Monday, April 05 2010 @ 03:26 PM EDT

The agenda for the hearing in bankruptcy court regarding Darl McBride's offer to buy the SCO mobility assets set for April 7th is now posted on Pacer:

04/05/2010 - 1102 - Notice of Agenda of Matters Scheduled for Hearing Filed by Edward N. Cahn, Chapter 11 Trustee for The SCO Group, Inc., et al.. Hearing scheduled for 4/7/2010 at 03:00 PM at US Bankruptcy Court, 824 Market St., 6th Fl., Courtroom #3, Wilmington, Delaware. (Attachments: # 1 Certificate of Service) (Fatell, Bonnie) (Entered: 04/05/2010)

The last line reads, "The hearing on this matter will go forward."
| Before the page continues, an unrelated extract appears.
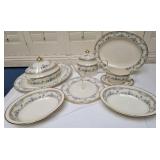 Minton Avonlea Pattern Dinnerware Service for 12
Some here were insisting that it would not, because there were no objections filed. But if there were any possible competing bids, which you and I would not know about yet, that would be another reason to have the hearing, even if there are no objections. Also if anyone with a contract with SCO for mobility products and/or services doesn't like the cure amounts SCO came up with or doesn't want the contract to transfer, that would be another reason to have a hearing. Here's the wording in the original Notice from SCO on filing objections or responses:
In the event that any objection or response is filed and served in accordance with this Notice, a hearing on the motion will be held before the Honorable Kevin Gross at the Bankruptcy Court on [date].
You can see that it isn't only objections that trigger hearings. This hearing was originally set for March 15, but now it's scheduled for April 7, starting at 3 PM. So, unless you see otherwise between now and then, the hearing is going to happen, and if you were making plans to attend, you can go forward with those plans.

  


Bankruptcy Hearing on Darl's Mobility Offer on April 7 is "Going Forward" | 252 comments | Create New Account
Comments belong to whoever posts them. Please notify us of inappropriate comments.
Off Topic here
Authored by: red floyd on Monday, April 05 2010 @ 03:32 PM EDT
On-topic posts will be severely punished.

---
I am not merely a "consumer" or a "taxpayer". I am a *CITIZEN* of the United
States of America.

[ Reply to This | # ]

Newspicks here
Authored by: red floyd on Monday, April 05 2010 @ 03:32 PM EDT
Please put the title of the newspick that you are responding to into the title
of your post.

---
I am not merely a "consumer" or a "taxpayer". I am a *CITIZEN* of the United
States of America.

[ Reply to This | # ]

Corrections Here
Authored by: red floyd on Monday, April 05 2010 @ 03:33 PM EDT
In the rare event that PJ has made a mistake.

Please have your title in the form "wrong ==> correct"

---
I am not merely a "consumer" or a "taxpayer". I am a *CITIZEN* of the United
States of America.

[ Reply to This | # ]

Everything COMES here
Authored by: red floyd on Monday, April 05 2010 @ 03:34 PM EDT
For the Quadrifecta!

---
I am not merely a "consumer" or a "taxpayer". I am a *CITIZEN* of the United
States of America.

[ Reply to This | # ]

I wonder
Authored by: rsteinmetz70112 on Monday, April 05 2010 @ 03:49 PM EDT
If they are expecting/hoping someone will show up at the hearing and make an
offer?

I know of a case where something very like that happened.

---
Rsteinmetz - IANAL therefore my opinions are illegal.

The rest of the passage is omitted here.